= Your assignment =
Copy the entries without a single change. Pictures should be dropped.

= Source data =
*** Begin section ***

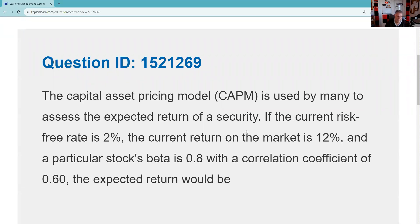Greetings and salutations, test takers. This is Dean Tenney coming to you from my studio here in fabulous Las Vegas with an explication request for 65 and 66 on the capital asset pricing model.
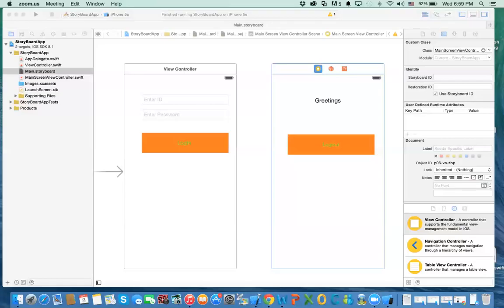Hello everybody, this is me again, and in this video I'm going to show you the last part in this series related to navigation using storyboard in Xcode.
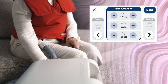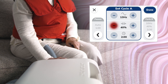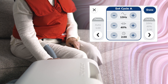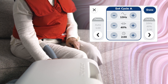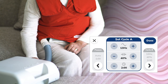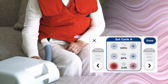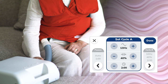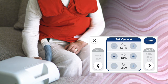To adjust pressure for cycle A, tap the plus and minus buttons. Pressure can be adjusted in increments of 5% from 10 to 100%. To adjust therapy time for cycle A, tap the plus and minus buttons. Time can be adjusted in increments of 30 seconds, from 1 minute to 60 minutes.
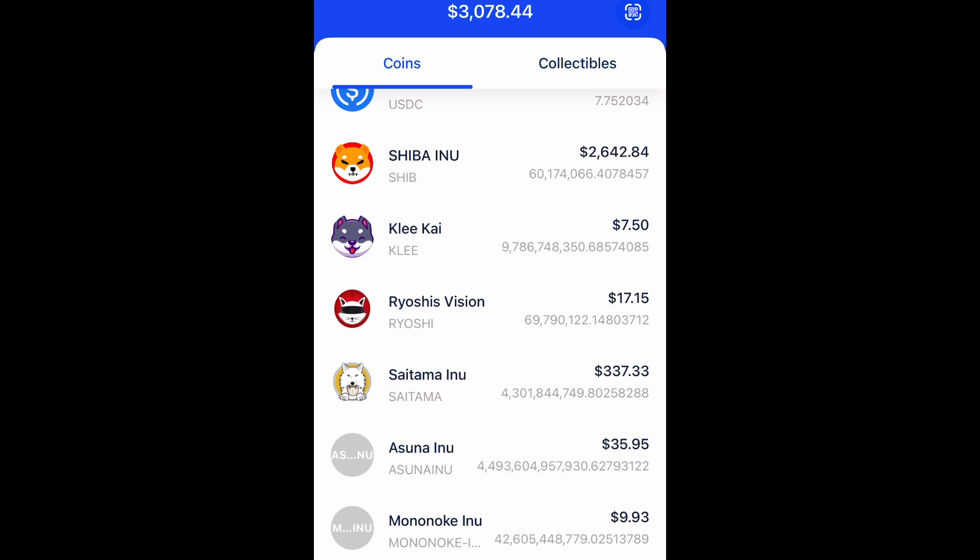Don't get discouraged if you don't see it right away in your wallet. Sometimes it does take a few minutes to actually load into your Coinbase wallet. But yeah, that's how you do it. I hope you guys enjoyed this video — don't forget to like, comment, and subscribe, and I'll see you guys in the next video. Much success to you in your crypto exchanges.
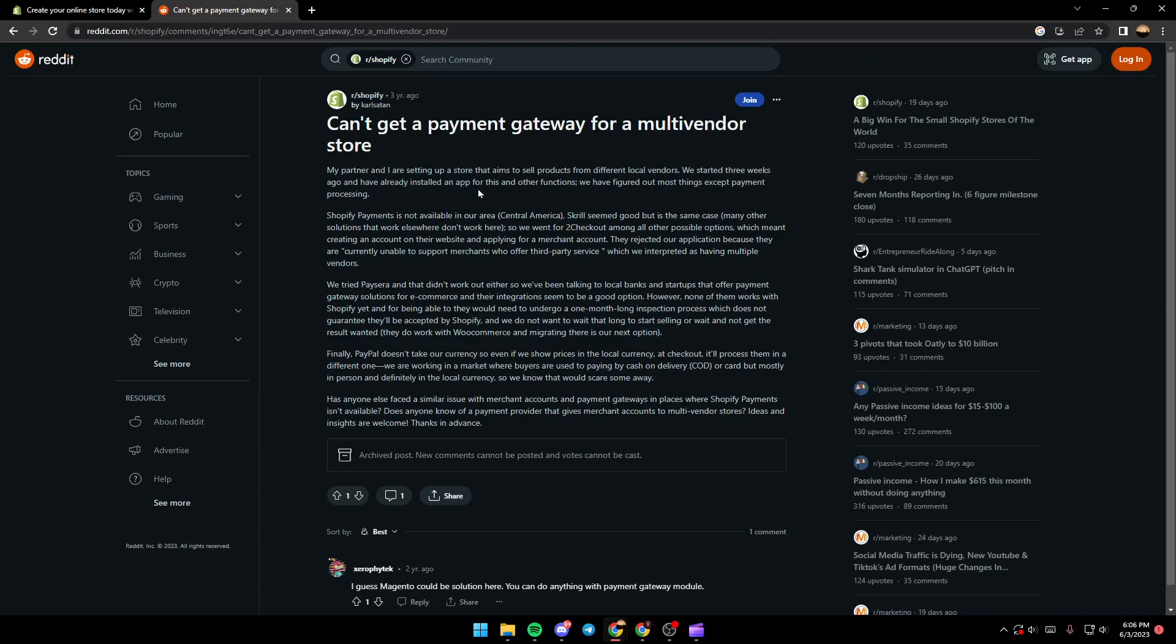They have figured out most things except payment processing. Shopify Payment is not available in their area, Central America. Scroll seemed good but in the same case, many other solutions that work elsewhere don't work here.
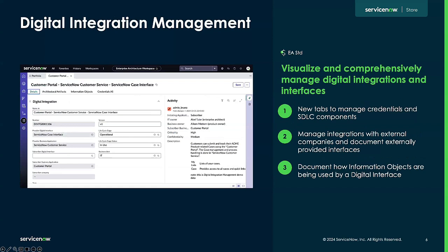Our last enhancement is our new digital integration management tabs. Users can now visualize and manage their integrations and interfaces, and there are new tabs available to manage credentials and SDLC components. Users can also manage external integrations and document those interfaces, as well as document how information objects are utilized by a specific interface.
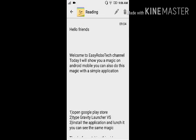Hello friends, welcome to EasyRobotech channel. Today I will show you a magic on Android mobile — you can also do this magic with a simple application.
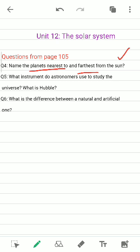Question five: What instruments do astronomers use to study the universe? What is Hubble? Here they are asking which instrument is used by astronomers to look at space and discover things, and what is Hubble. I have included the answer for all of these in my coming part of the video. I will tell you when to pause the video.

*** End section ***

= Exercise answer =
Greetings and salutations, test takers. This is Dean Tenney coming to you from my studio here in fabulous Las Vegas with an explication request for 65 and 66 on the capital asset pricing model.
Hello everybody, this is me again, and in this video I'm going to show you the last part in this series related to navigation using storyboard in Xcode.
To adjust pressure for cycle A, tap the plus and minus buttons. Pressure can be adjusted in increments of 5% from 10 to 100%. To adjust therapy time for cycle A, tap the plus and minus buttons. Time can be adjusted in increments of 30 seconds, from 1 minute to 60 minutes.
Don't get discouraged if you don't see it right away in your wallet. Sometimes it does take a few minutes to actually load into your Coinbase wallet. But yeah, that's how you do it. I hope you guys enjoyed this video — don't forget to like, comment, and subscribe, and I'll see you guys in the next video. Much success to you in your crypto exchanges.
They have figured out most things except payment processing. Shopify Payment is not available in their area, Central America. Scroll seemed good but in the same case, many other solutions that work elsewhere don't work here.
Our last enhancement is our new digital integration management tabs. Users can now visualize and manage their integrations and interfaces, and there are new tabs available to manage credentials and SDLC components. Users can also manage external integrations and document those interfaces, as well as document how information objects are utilized by a specific interface.
Hello friends, welcome to EasyRobotech channel. Today I will show you a magic on Android mobile — you can also do this magic with a simple application.
Question five: What instruments do astronomers use to study the universe? What is Hubble? Here they are asking which instrument is used by astronomers to look at space and discover things, and what is Hubble. I have included the answer for all of these in my coming part of the video. I will tell you when to pause the video.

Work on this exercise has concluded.